DEA eyes global NT network
Connecting state and local government leaders
The Drug Enforcement Administration, one of few federal agencies that are opening new offices, has set out to build a 10,000-seat network running Microsoft Windows NT. Congress and the Justice Department agreed last year on special funding for the network, said Ned Goldberg, chief of operations and support in the DEA Office of Information Systems.
The Drug Enforcement Administration, one of few federal agencies that are opening new
offices, has set out to build a 10,000-seat network running Microsoft Windows NT.
Congress and the Justice Department agreed last year on special funding for the
network, said Ned Goldberg, chief of operations and support in the DEA Office of
Information Systems.
"Unfortunately, the business we're in is not tapering off," he said.
Through its contractor, Unisys Corp., DEA is installing about 200 systems a day,
Goldberg said. Besides servers running NT and PCs running Windows 95, DEA is installing
the Tivoli/TME 10 framework management application from Tivoli Systems Inc. of Austin,
Texas, an IBM Corp. subsidiary.
DEA began the infrastructure project in May last year, Goldberg said, and is only now
bringing the Tivoli software online.
"There is a substantive investment in doing that," he said, because executive
managers do not always understand how much time it takes to configure a complex systems
management infrastructure. Nor, he said, are they always willing to invest the time to
define what they want it to do.
Agency officials said investigators sorely need the new infrastructure to help close
cases faster. The global network will let agents gather data from different databases,
Goldberg said.
In the past, such data has been on paper or very hard to locate. "There were
always higher priorities," Goldberg said, such as protecting DEA investigators and
agents.
The cost and difficulty of maintaining 10-year-old Unisys office systems, however, gave
the agency no choice but to upgrade to a modern network, he said.
DEA agents need the power of e-mail and document attachments, Goldberg said. "The
old stuff was limited that way, and it was based on older processors. So, it was
slow," he said.
DEA has dubbed the new information systems architecture Firebird.
One thing DEA will not change is its database architecture on Justice mainframes.
"Our databases are humongous," mostly written in the Model 204 language from
Computer Corp. of America of Framington, Mass., Goldberg said.
Instead of character-based terminal emulators, DEA agents will use their new Pentium
PCs running Win95 and Eicon Access terminal emulation software from Eicon Technology Corp.
of Carrollton, Texas.
A global network of servers running NT such as DEA's would be too costly to administer
without a framework management package such as Tivoli/TME 10, Goldberg said.
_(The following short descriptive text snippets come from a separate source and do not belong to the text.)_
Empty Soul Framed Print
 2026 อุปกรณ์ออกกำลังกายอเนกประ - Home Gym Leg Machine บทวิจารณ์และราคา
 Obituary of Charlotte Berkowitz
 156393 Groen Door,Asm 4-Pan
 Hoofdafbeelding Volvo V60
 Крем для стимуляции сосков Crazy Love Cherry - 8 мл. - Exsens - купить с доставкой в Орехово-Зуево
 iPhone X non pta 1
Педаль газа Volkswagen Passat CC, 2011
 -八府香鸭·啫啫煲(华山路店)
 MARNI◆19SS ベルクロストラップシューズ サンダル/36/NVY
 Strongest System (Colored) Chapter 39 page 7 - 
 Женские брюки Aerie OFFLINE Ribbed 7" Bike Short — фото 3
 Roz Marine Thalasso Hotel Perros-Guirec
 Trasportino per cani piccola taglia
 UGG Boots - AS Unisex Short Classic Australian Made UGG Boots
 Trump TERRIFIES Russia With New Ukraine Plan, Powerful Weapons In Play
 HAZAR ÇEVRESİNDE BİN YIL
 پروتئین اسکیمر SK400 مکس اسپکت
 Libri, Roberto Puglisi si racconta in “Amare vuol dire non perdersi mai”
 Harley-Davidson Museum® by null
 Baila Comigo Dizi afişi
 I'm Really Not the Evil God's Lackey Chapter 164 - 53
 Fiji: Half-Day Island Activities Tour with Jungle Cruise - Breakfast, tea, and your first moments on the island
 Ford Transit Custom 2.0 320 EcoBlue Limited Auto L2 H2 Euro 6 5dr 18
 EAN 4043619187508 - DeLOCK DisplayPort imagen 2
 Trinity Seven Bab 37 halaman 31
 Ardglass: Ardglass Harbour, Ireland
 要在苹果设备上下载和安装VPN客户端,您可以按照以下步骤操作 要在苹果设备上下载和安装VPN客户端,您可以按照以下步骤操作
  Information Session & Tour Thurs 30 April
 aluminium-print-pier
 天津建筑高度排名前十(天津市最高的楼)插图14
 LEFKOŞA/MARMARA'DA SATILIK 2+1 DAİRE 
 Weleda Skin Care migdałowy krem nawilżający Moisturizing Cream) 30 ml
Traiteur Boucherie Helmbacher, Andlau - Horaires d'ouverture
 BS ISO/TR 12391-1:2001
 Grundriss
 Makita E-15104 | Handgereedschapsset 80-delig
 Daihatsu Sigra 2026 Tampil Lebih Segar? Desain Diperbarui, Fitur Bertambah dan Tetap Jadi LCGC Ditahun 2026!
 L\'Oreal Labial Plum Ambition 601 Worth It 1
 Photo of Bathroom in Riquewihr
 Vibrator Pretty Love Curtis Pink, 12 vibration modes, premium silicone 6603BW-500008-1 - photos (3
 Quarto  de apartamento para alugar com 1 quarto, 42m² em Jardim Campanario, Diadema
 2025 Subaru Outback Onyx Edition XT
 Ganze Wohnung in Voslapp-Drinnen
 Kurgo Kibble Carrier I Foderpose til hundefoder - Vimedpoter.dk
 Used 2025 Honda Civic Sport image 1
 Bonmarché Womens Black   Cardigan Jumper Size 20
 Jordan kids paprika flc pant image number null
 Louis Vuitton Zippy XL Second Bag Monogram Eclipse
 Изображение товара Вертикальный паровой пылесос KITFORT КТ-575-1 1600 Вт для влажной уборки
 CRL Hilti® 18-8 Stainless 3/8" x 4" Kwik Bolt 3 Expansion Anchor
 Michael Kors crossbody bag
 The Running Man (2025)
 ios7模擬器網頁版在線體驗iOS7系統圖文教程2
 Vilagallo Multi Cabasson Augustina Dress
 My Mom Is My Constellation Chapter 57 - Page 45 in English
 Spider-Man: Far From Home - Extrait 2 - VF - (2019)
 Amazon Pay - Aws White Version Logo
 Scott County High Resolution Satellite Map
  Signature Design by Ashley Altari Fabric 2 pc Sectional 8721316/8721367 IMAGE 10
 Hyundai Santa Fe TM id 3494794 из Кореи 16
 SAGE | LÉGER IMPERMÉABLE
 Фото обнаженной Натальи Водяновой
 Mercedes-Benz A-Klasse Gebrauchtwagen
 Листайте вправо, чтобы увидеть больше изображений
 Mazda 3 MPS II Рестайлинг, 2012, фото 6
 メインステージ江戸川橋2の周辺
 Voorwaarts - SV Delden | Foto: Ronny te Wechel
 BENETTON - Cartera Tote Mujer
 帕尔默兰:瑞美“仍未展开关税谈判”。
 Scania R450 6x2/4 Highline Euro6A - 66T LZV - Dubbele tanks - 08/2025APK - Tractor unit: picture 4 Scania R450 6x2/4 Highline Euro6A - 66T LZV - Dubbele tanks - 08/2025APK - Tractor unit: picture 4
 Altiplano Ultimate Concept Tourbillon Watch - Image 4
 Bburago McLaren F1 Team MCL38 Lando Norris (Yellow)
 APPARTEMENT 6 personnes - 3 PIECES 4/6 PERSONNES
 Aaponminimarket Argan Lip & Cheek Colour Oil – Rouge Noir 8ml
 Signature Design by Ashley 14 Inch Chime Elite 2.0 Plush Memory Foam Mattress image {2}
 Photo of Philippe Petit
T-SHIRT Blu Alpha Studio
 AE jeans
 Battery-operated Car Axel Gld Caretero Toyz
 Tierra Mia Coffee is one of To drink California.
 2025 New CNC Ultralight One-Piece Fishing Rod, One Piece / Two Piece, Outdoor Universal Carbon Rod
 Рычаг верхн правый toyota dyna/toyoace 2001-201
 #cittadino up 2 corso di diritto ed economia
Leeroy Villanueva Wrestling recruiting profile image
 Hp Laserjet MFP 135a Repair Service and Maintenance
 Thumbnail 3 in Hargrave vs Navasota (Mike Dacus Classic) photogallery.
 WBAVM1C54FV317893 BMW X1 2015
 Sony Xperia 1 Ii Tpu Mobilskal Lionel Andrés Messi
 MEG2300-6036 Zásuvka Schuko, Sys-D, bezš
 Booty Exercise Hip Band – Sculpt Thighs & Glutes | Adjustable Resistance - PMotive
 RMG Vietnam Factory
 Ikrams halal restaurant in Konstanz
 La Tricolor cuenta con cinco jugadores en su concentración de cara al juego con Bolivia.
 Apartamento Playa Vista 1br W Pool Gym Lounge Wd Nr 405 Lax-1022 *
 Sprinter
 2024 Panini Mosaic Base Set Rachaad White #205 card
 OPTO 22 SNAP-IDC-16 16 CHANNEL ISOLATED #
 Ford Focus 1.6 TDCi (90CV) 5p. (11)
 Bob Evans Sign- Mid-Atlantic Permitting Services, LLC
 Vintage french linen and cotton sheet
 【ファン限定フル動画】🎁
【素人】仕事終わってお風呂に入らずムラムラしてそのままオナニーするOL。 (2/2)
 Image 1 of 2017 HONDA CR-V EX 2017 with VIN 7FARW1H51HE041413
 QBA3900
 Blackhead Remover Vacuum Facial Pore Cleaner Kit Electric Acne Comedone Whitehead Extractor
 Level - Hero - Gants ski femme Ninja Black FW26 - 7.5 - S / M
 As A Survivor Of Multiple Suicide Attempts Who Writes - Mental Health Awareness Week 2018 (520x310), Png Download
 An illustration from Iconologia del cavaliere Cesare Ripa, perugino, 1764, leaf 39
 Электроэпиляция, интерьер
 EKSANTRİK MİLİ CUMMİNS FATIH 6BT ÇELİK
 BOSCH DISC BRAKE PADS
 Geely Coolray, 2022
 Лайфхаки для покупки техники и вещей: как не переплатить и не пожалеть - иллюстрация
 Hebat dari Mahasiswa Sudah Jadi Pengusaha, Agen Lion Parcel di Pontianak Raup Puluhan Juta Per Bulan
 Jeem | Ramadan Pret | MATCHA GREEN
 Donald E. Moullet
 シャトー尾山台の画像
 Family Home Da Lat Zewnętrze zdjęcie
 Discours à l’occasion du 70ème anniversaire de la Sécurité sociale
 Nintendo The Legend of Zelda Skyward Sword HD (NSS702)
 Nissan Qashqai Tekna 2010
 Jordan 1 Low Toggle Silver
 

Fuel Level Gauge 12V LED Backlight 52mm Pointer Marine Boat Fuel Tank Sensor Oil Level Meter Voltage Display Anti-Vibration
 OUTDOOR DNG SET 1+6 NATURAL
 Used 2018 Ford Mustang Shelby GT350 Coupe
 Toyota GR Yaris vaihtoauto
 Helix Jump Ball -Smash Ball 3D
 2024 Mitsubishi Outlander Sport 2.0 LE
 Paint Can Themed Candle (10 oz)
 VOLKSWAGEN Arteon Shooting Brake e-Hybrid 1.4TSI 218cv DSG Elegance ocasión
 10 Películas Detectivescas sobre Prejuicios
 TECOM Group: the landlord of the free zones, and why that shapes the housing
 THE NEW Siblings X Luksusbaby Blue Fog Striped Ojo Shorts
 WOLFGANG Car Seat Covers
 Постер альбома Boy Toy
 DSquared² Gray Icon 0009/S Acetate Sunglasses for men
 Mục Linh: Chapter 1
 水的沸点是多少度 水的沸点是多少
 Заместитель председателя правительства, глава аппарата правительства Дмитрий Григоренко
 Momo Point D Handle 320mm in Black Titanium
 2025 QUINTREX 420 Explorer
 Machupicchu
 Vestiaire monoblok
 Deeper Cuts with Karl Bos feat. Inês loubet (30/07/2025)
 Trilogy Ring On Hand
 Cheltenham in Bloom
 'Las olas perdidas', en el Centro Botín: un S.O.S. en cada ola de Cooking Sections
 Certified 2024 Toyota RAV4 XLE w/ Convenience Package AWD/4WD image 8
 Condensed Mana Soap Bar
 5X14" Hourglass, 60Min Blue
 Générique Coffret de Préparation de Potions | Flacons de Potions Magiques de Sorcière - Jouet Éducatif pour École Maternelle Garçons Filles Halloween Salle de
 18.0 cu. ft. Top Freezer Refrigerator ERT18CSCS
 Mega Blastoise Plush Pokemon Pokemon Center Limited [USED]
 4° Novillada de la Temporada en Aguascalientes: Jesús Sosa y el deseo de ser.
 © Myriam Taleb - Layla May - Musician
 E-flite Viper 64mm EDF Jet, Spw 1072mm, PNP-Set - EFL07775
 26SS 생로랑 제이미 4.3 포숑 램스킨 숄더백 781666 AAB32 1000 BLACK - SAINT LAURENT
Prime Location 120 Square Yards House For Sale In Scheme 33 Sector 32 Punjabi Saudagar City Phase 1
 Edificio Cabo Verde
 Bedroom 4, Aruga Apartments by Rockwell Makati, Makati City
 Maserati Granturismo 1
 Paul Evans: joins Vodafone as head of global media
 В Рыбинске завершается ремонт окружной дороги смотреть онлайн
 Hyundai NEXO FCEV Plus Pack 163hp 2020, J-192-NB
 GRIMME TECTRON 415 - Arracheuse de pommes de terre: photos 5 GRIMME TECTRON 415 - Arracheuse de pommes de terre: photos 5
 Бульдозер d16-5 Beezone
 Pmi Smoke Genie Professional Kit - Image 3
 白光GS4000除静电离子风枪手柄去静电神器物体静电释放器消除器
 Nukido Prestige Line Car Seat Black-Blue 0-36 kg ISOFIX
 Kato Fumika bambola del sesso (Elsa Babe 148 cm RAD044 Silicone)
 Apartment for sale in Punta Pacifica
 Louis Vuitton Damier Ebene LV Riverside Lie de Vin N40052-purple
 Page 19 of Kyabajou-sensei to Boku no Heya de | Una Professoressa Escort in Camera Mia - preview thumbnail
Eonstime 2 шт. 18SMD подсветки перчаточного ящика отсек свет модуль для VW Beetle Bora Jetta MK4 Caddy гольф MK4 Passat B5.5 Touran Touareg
The Common Object Request Broker Architecture, on which Tivoli TME 10 is based, is an
open standard, Goldberg said. That means DEA can buy the best security module it can find
and just snap it in, he said.
DEA already owns Tivoli's software distribution, inventory, network management, help
desk and console modules. "We're going to move to the Microsoft Office 97 suite and
push that down" to desktop PCs without having to visit each one individually,
Goldberg said.
The agency now uses Tivoli/TME to reset servers--a weekly maintenance procedure that
keeps them from slowing to a crawl, Goldberg said. "That's one real solid benefit of
Tivoli," he said.
Flaws in NT cause it to lose track of memory once released by applications, Goldberg
said.
"We found if we waited two weeks to reset, we were in trouble," he said.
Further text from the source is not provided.